Appeal by the New Bern-Craven County Board of Education, judgment creditor and private prosecutor, from Winberry, Judge. Order entered 25 September 1981 in Superior Court, Craven County. Heard in the Court of Appeals 26 May 1982.
Whichard, Judge. Judges Clark and Webb concur.
On 12 December 1979 a warrant issued for defendant's arrest for assault with a deadly weapon with intent to kill. On 21
December 1979 defendant and the surety executed a bond to secure defendant's appearance for trial on that charge.
On 27 December 1979 a warrant issued for defendant's arrest for ravishing and carnally knowing a female of the age of twelve years or more. The court released defendant on the same bond as in the prior assault case.
Upon defendant's failure to appear for arraignment, the court entered duplicate orders for his arrest which were returned unexecuted because defendant could not be found. The court then ordered the appearance bond forfeited; and, after notice to the obligors, on 12 January 1981 it entered judgment against them for the amount of the bond and costs.
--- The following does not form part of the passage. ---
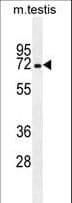 Polyclonal Rabbit anti-Human MBTD1 Antibody (aa564-592, IHC, WB)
On 18 August 1981, more than 90 days after entry of judgment on the bond, and apparently subsequent to issuance of execution on the judgment (see G.S. 15A-544(f) (1978)), the surety moved for an order striking the forfeiture and recalling all outstanding executions. The motion alleged that the surety was defendant's employer; that he had not been advised of defendant's release on the second charge under the same bond as on the first; that he had "assumed no obligations under the second charge and had no knowledge of the same at the time of the consolidation of the bond requirement for release"; and that the release on the second charge under the bond he had signed on the first "was an alteration and modification of any liabilities existing on his behalf and substantially changed and modified the conditions existing at the time of the signing of the initial surety agreement."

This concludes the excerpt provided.